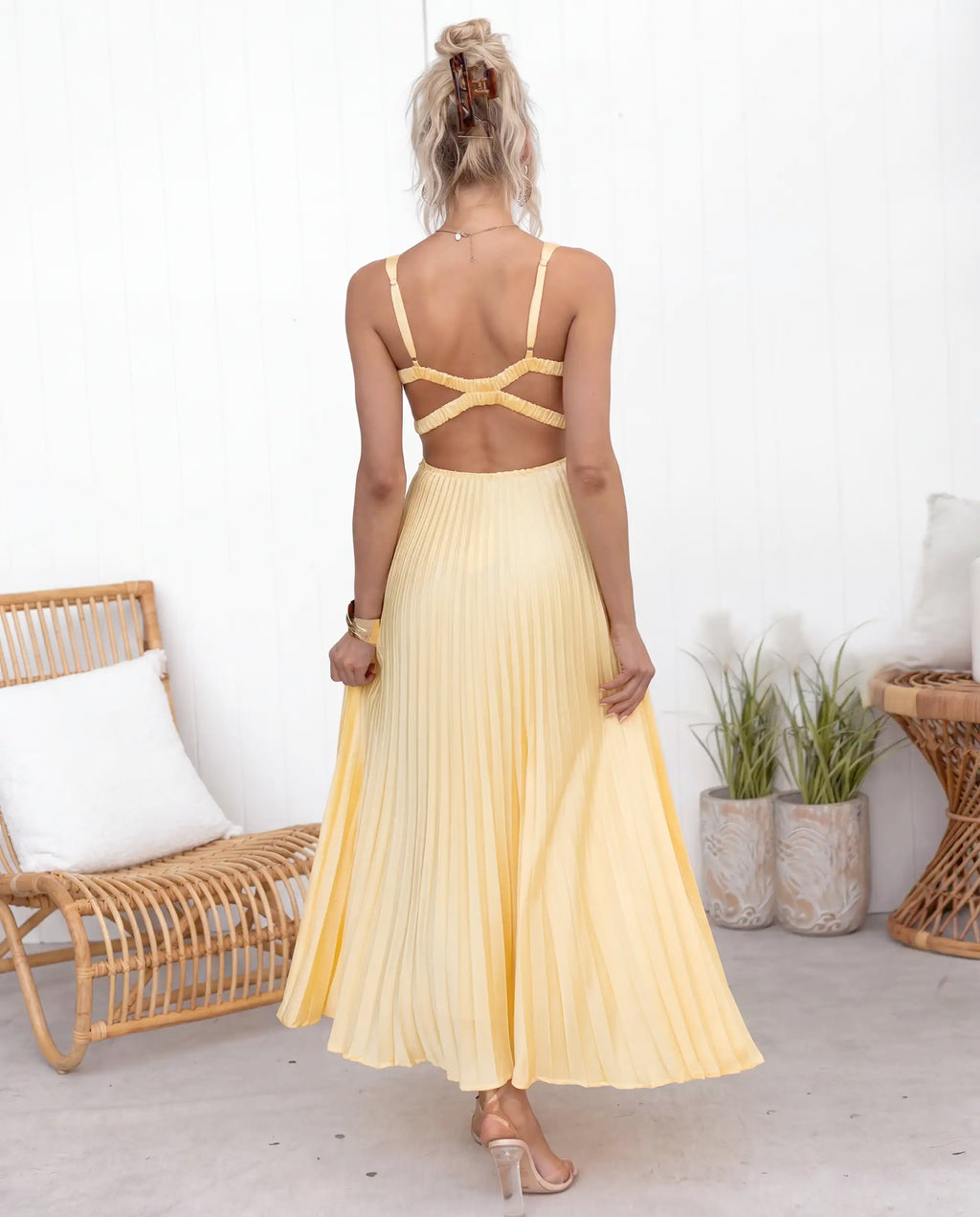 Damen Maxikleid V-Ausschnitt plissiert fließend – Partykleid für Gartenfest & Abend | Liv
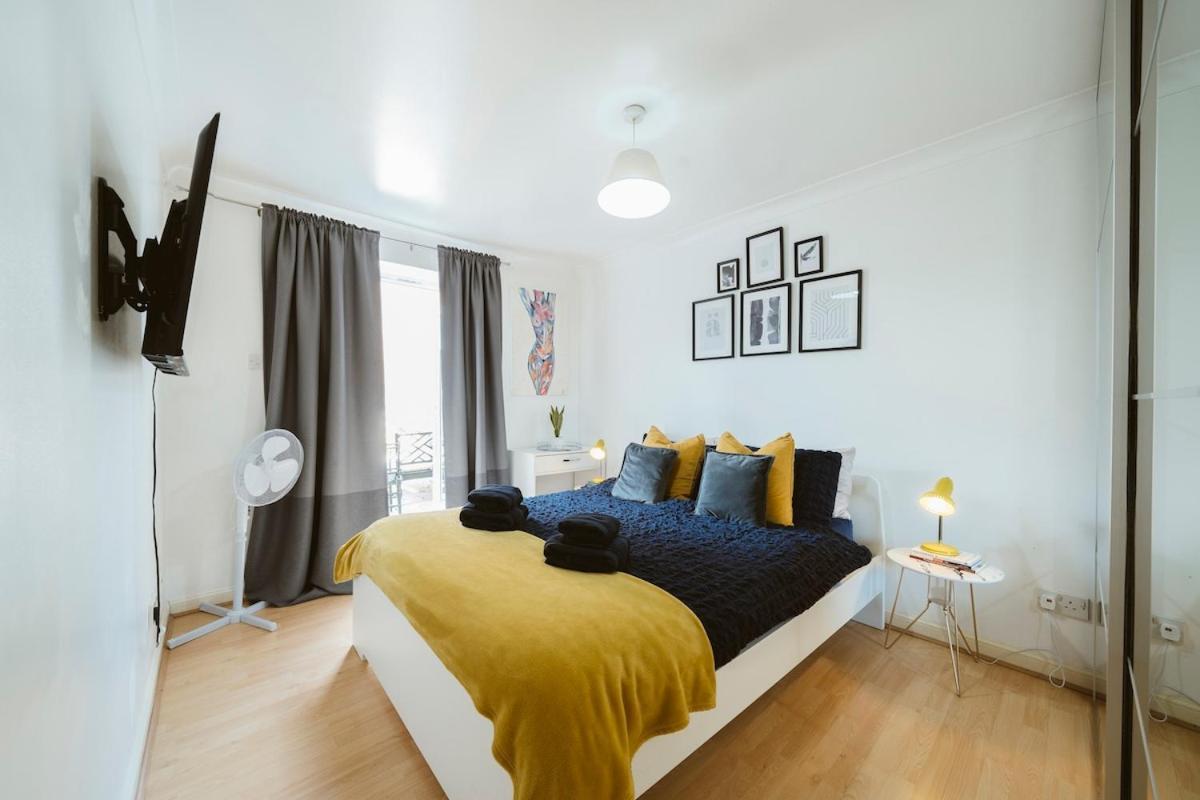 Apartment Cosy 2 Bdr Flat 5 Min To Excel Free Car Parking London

...

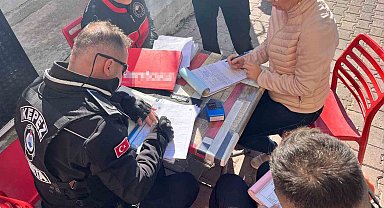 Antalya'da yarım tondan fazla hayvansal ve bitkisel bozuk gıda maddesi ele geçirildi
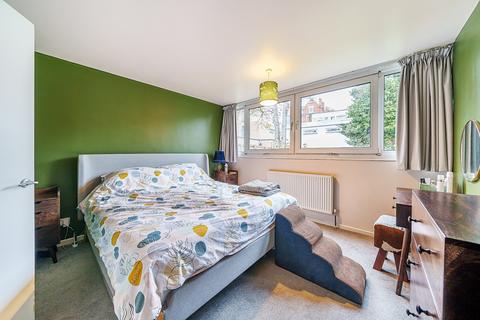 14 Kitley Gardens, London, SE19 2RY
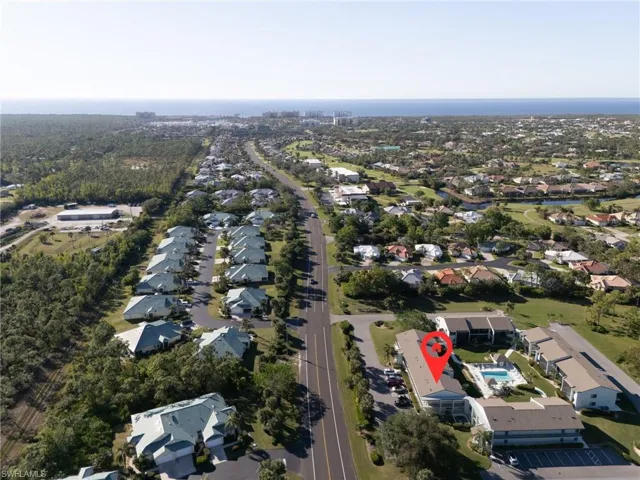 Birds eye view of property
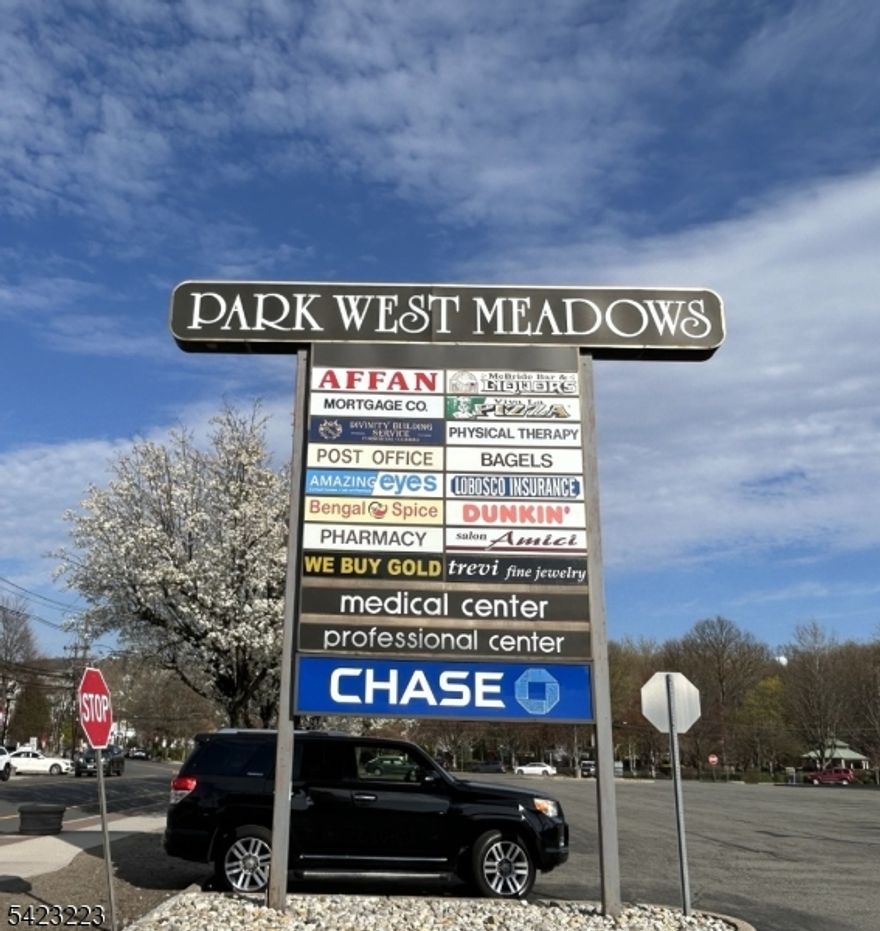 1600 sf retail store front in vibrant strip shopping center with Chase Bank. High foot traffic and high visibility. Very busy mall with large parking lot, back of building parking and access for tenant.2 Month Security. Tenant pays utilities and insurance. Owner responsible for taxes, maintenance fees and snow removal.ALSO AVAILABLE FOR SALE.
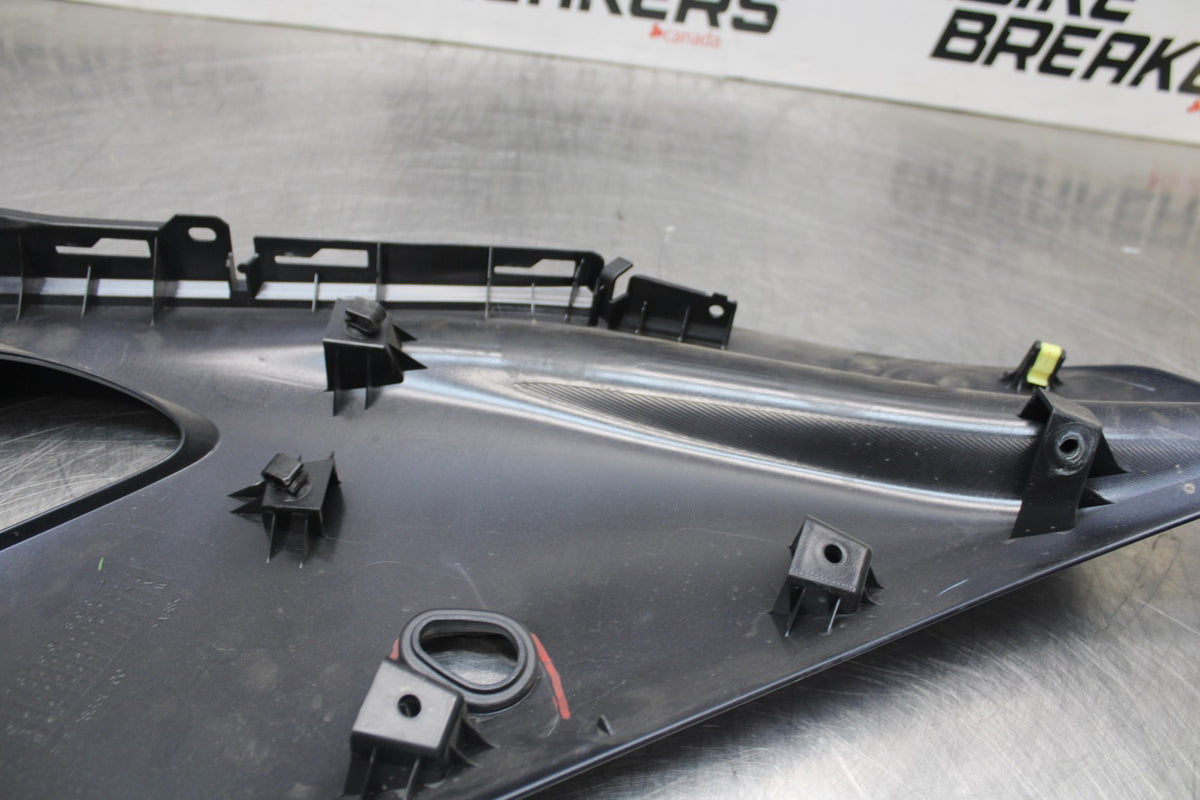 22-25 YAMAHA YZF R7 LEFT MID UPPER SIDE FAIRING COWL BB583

==

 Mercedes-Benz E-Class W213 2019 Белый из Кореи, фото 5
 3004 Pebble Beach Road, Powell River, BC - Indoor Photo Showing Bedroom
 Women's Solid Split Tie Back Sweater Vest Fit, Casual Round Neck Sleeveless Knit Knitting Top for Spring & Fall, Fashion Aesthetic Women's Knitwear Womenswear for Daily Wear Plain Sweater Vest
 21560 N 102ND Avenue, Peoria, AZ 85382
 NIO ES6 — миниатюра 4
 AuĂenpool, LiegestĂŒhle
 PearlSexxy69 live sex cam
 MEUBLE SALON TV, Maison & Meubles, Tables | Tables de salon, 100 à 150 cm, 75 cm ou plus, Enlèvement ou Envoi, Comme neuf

REQUIREMENT:
Look above for the line holding "14 Kitley Gardens, London, SE19 2RY" and output everything from it down to the line holding "22-25 YAMAHA YZF", both ends included, exactly and without images.

EXERCISE SOLUTION:
 14 Kitley Gardens, London, SE19 2RY
 Birds eye view of property
 1600 sf retail store front in vibrant strip shopping center with Chase Bank. High foot traffic and high visibility. Very busy mall with large parking lot, back of building parking and access for tenant.2 Month Security. Tenant pays utilities and insurance. Owner responsible for taxes, maintenance fees and snow removal.ALSO AVAILABLE FOR SALE.
 22-25 YAMAHA YZF R7 LEFT MID UPPER SIDE FAIRING COWL BB583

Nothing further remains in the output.